--- Extracted data ---

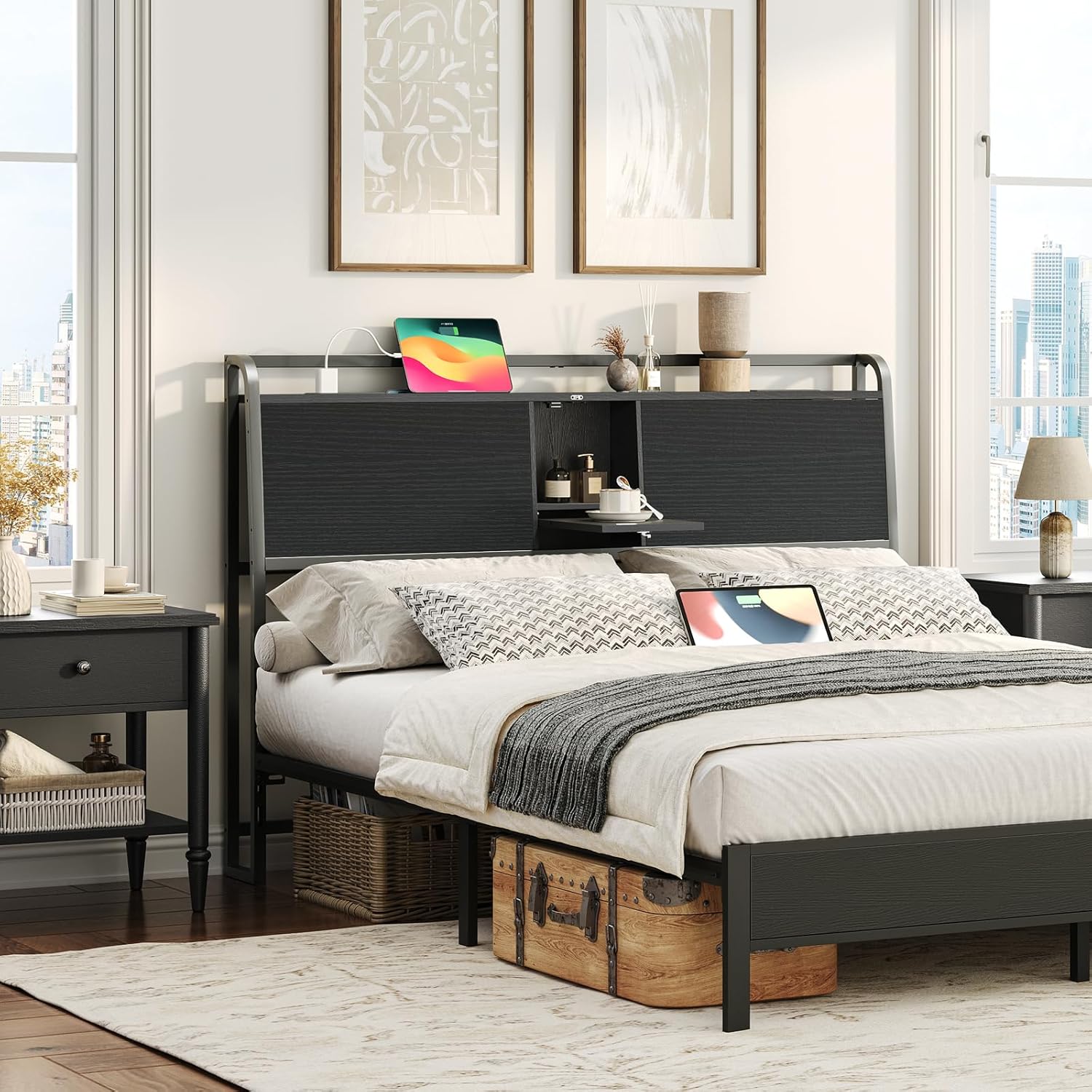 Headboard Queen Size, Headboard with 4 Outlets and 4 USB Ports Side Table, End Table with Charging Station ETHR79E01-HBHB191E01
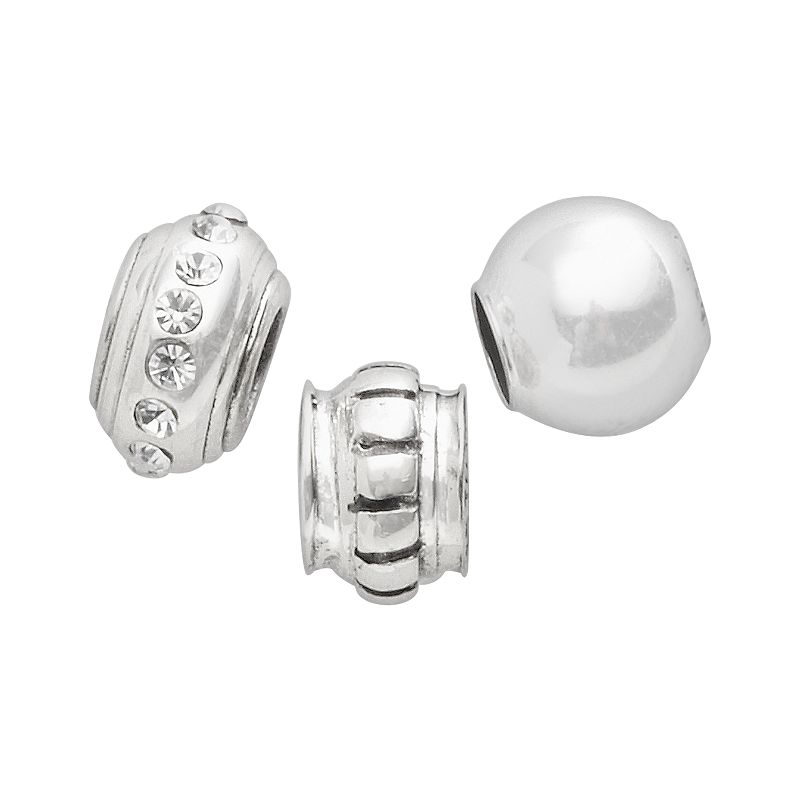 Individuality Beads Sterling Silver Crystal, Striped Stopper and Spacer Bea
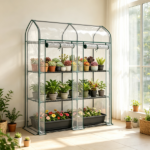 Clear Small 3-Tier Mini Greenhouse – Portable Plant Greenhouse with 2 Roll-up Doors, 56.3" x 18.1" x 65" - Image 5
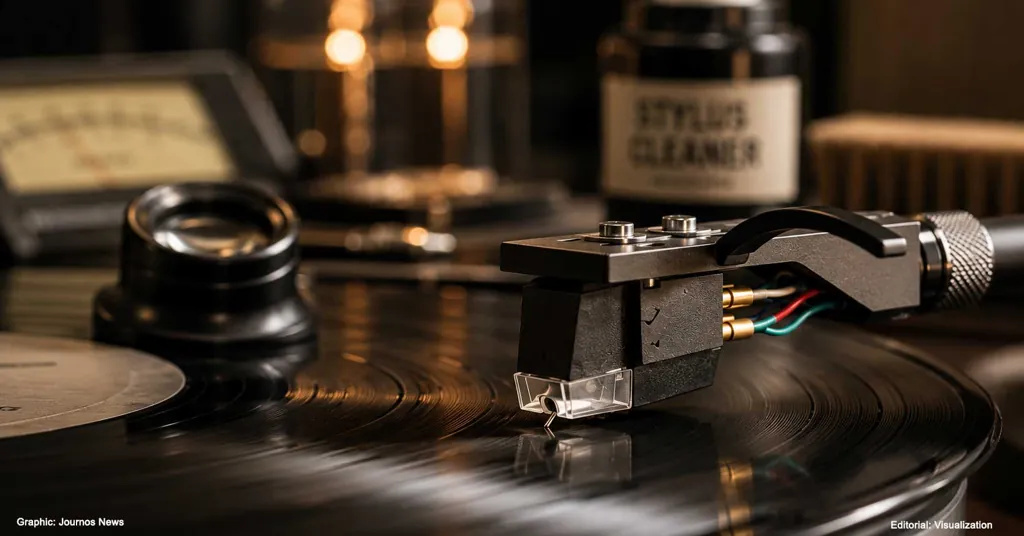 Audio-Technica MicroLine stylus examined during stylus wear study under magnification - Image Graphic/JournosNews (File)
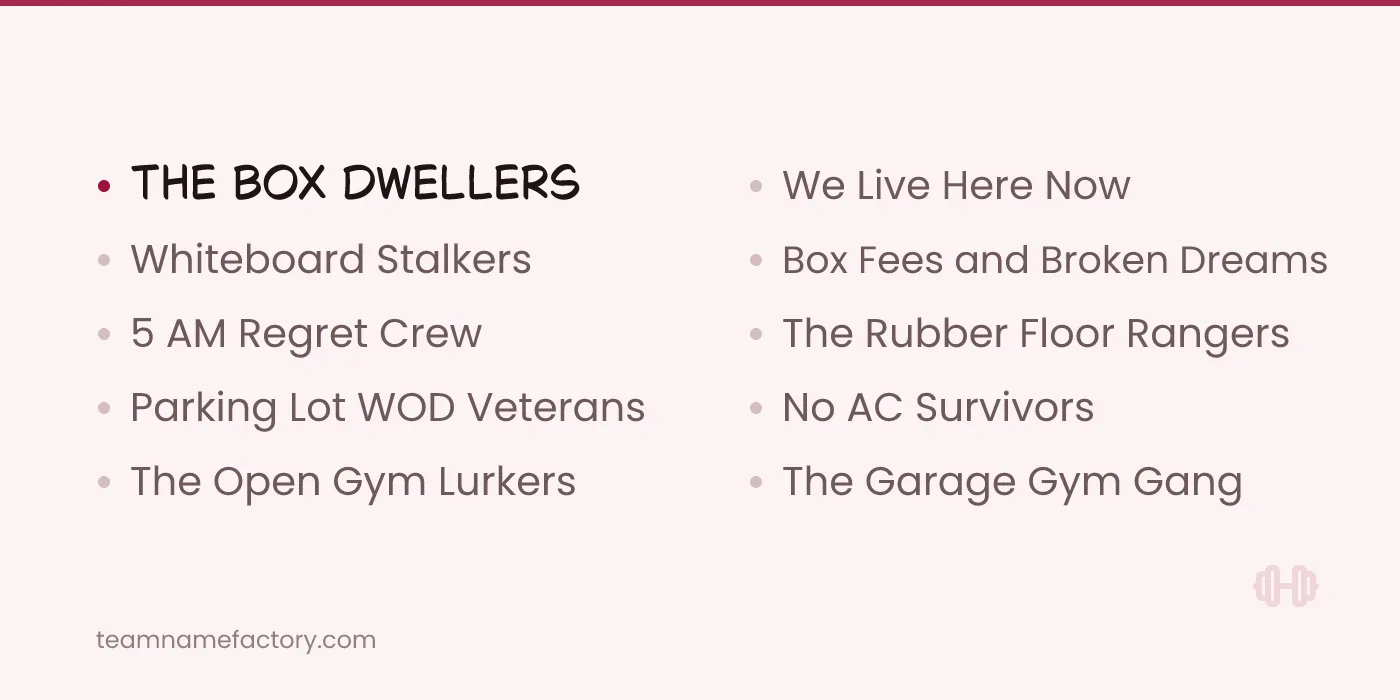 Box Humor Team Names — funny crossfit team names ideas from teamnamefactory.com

---

* [Work task]: What is needed is a verbatim copy of every entry, with the pictures omitted.

* [Exercise result]:
 Headboard Queen Size, Headboard with 4 Outlets and 4 USB Ports Side Table, End Table with Charging Station ETHR79E01-HBHB191E01
 Individuality Beads Sterling Silver Crystal, Striped Stopper and Spacer Bea
 Clear Small 3-Tier Mini Greenhouse – Portable Plant Greenhouse with 2 Roll-up Doors, 56.3" x 18.1" x 65" - Image 5
 Audio-Technica MicroLine stylus examined during stylus wear study under magnification - Image Graphic/JournosNews (File)
 Box Humor Team Names — funny crossfit team names ideas from teamnamefactory.com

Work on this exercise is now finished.